Die Tirade ging noch etwa eine Minute so weiter, während Liesel verzweifelt einen oder zwei Vorschläge einwarf, wo sich die gesuchte Bürste befinden konnte. Alles endete unvermittelt, als Rosa Liesel an sich zog, nur für ein paar Sekunden. Ihr Flüstern war kaum hörbar, obwohl sie so nah beieinander standen. »Du hast mir doch gesagt, ich soll dich anschreien. Du hast gesagt, dass dann keiner Verdacht schöpfen würde.« Sie schaute nach rechts und nach links. Ihre Stimme war so dünn wie Nadel und Faden. »Er ist aufgewacht, Liesel. Er ist wach.« Aus ihrer Tasche zog sie den Zinnsoldaten mit der zerkratzten Haut. »Er sagte, ich soll dir das hier geben. Das Geschenk hat er am liebsten.« Sie gab es Liesel, hielt ihre Arme fest und lächelte. Ehe Liesel noch antworten konnte, hob Rosa wieder ihre Stimme. »Na? Antworte mir! Hast du noch eine Idee, wo du die Bürste liegen gelassen haben könntest?«

Er lebt, dachte Liesel. »Nein, Mama... tut mir leid, Mama. Ich …«

»Du bist aber auch zu gar nichts zu gebrauchen.« Sie ließ Liesel los, nickte und ging davon.
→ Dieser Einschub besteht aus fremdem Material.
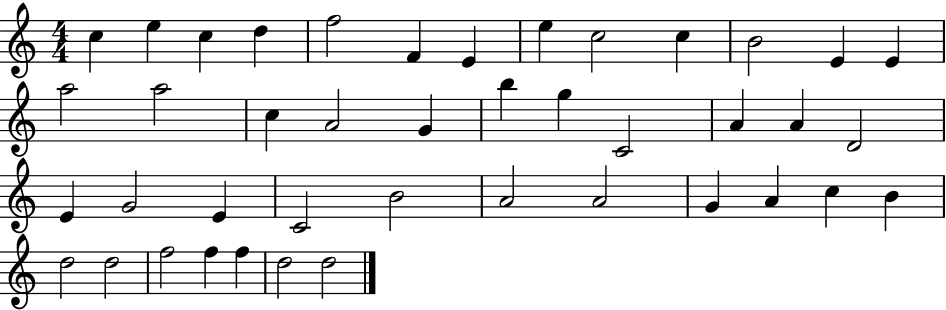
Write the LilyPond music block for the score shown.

{
  \clef treble
  \numericTimeSignature
  \time 4/4
  \key c \major
  c''4 e''4 c''4 d''4 | f''2 f'4 e'4 | e''4 c''2 c''4 | b'2 e'4 e'4 | \break a''2 a''2 | c''4 a'2 g'4 | b''4 g''4 c'2 | a'4 a'4 d'2 | \break e'4 g'2 e'4 | c'2 b'2 | a'2 a'2 | g'4 a'4 c''4 b'4 | \break d''2 d''2 | f''2 f''4 f''4 | d''2 d''2 | \bar "|."
}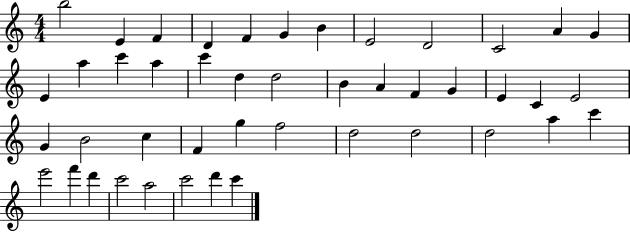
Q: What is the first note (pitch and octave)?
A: B5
Ein paar Augenblicke blieb Liesel einfach stehen. Der Flur war riesig. Sie betrachtete den Zinnsoldaten in ihrer Handfläche. Instinktiv wollte sie sofort nach Hause rennen, aber die Vernunft gestattete es nicht. Stattdessen steckte sie den zerschundenen Soldaten in ihre Tasche und kehrte ins Klassenzimmer zurück.

Alle warteten.

»Dumme Kuh«, sagte sie leise.

Wieder lachten alle. Außer Frau Olendrich.

»Was hast du gesagt?«

Liesel war so gut gelaunt, dass sie sich unangreifbar fühlte. »Ich sagte«, strahlte sie, »dumme Kuh.« Es dauerte keine halbe Sekunde, da klebte ihr die Hand der Lehrerin im Gesicht.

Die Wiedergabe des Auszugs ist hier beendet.